→ WORK ORDER: Pictures aside, the output must consist of the lines from the one containing "Customisable Handmade Long" through the end of the data, reproduced exactly.

→ DATA SECTION:
◇ ◇ ◇ ◇ ◇

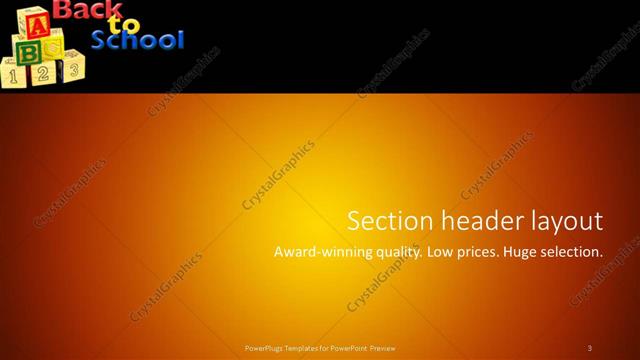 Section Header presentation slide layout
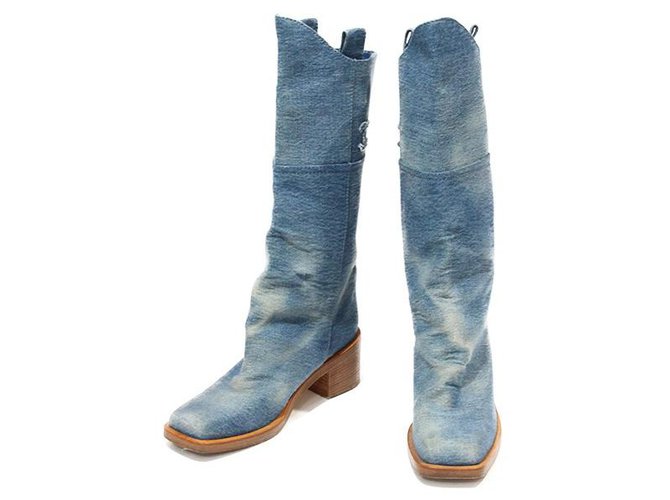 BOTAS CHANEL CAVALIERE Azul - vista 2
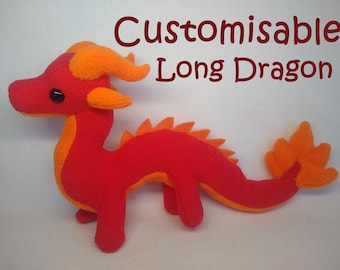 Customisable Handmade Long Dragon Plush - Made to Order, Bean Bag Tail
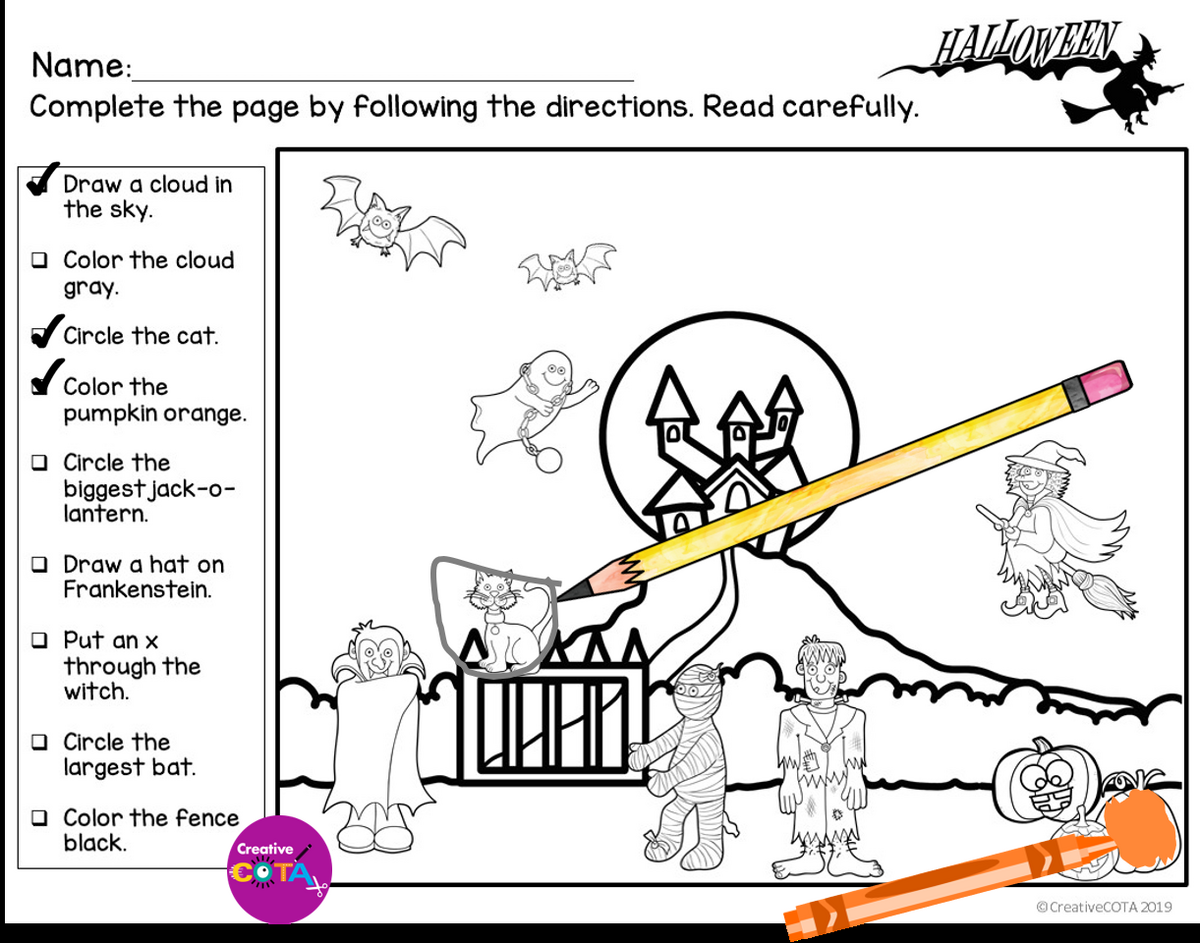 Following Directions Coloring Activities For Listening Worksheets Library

◇ ◇ ◇ ◇ ◇

→ SOLVED EXERCISE:
 Customisable Handmade Long Dragon Plush - Made to Order, Bean Bag Tail
 Following Directions Coloring Activities For Listening Worksheets Library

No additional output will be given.